§ Aim of the exercise: An exact restatement of the data is required, with the images omitted.

§ Records for the task:
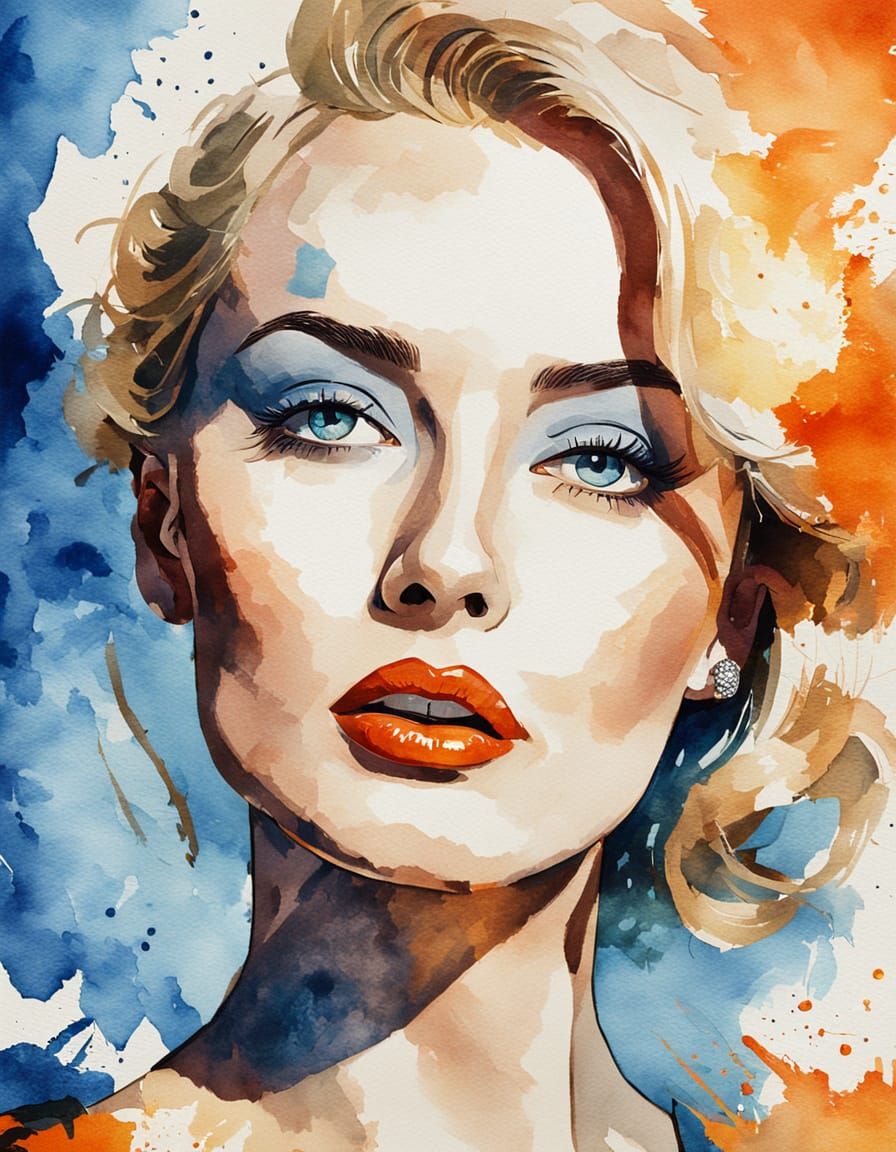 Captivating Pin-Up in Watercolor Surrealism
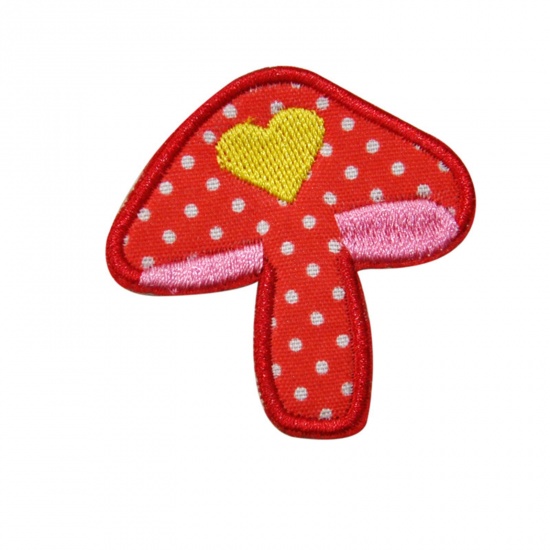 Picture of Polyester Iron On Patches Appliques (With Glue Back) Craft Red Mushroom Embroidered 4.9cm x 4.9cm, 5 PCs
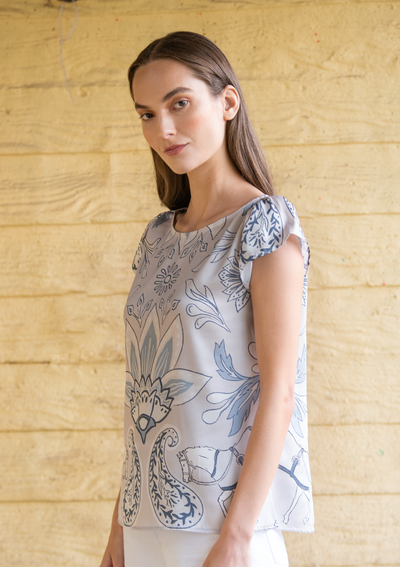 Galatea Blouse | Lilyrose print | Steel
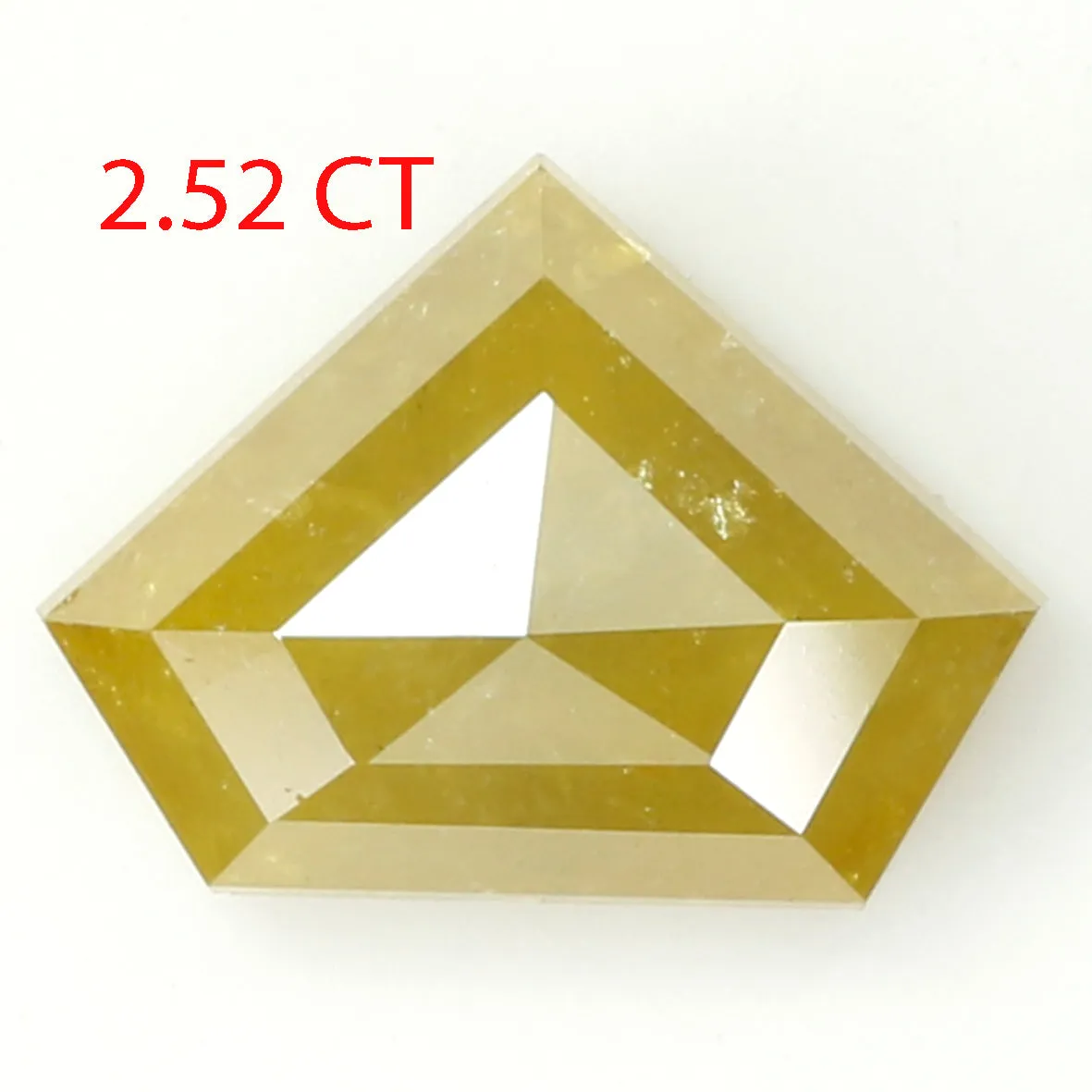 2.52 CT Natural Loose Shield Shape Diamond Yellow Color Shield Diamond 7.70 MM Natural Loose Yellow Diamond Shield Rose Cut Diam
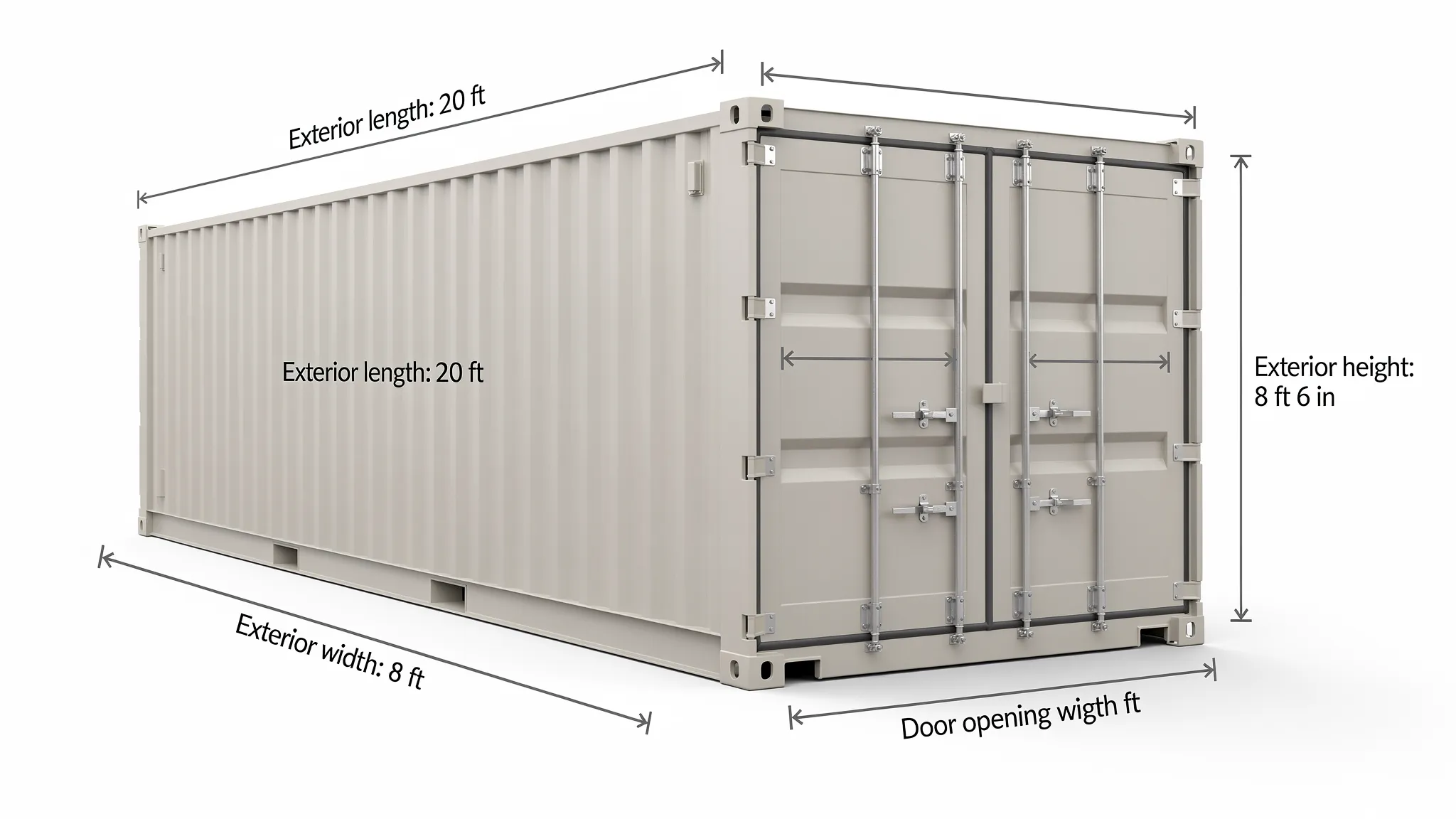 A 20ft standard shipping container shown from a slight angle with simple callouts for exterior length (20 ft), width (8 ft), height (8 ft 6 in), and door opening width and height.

§ Response to the task:
 Captivating Pin-Up in Watercolor Surrealism
 Picture of Polyester Iron On Patches Appliques (With Glue Back) Craft Red Mushroom Embroidered 4.9cm x 4.9cm, 5 PCs
 Galatea Blouse | Lilyrose print | Steel
 2.52 CT Natural Loose Shield Shape Diamond Yellow Color Shield Diamond 7.70 MM Natural Loose Yellow Diamond Shield Rose Cut Diam
 A 20ft standard shipping container shown from a slight angle with simple callouts for exterior length (20 ft), width (8 ft), height (8 ft 6 in), and door opening width and height.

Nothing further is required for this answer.